Range-for-loops and std::vector<bool>

Because std::vector<bool> is not a container !

std::vector<T>'s iterators usually dereference to a T&, which you can bind to your own auto&.

std::vector<bool>, however, packs its bools together inside integers, so you need a proxy to do the bit-masking when accessing them. Thus, its iterators return a Proxy.
And since the returned Proxy is an prvalue (a temporary), it cannot bind to an lvalue reference such as auto&.

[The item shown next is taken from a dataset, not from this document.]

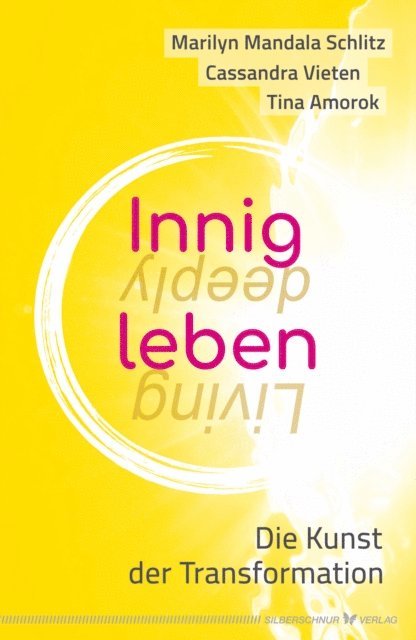 Tina Amorok, Cassandra Vieten, Marilyn Mandala Schlitz - Innig leben, E-bok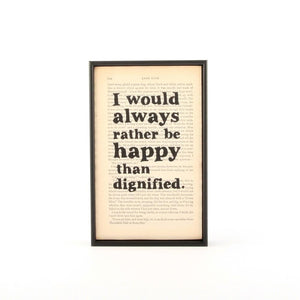 Jane Eyre Quote "I would always rather be happy than dignified." printed on a page from Charlotte Bronte's novel Jane Eyre with a thin black frame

The solution : use auto&&, which will correctly collapse into an lvalue reference if given one, or bind and maintain the temporary alive if it's given a proxy.


std::vector<bool> does not obey the standard container rules.

In particular, its operator[] does not return bool&.

The loop in the invalid code

#include <vector>
#include <iostream>

int main() {
  std::vector<bool> boolVector(10);
  for (auto& i: boolVector)
      std::cout << i;
}

can be rewritten in any of three ways to iterate through the values:

  1. (read-only)

    for (auto i: boolVector)
        std::cout << i;
    
  2. (read-only, possibly inefficient)

    for (auto const& i: boolVector)  
        std::cout << i;
    
  3. (read/write)

    for (auto&& i: boolVector)
        std::cout << i;
    

The choice between the first and last is down to whether you need to modify the values in the vector, or just to read them.


vector<bool> is (usually) specialized explicitly to store each bool in a single bit, reducing the storage costs from one byte per value to one byte per eight values. No processor I know of offhand is bit addressable, so it's impossible to store a reference to the values in the vector<bool>. You need to use plain auto, not auto& for the iteration value i.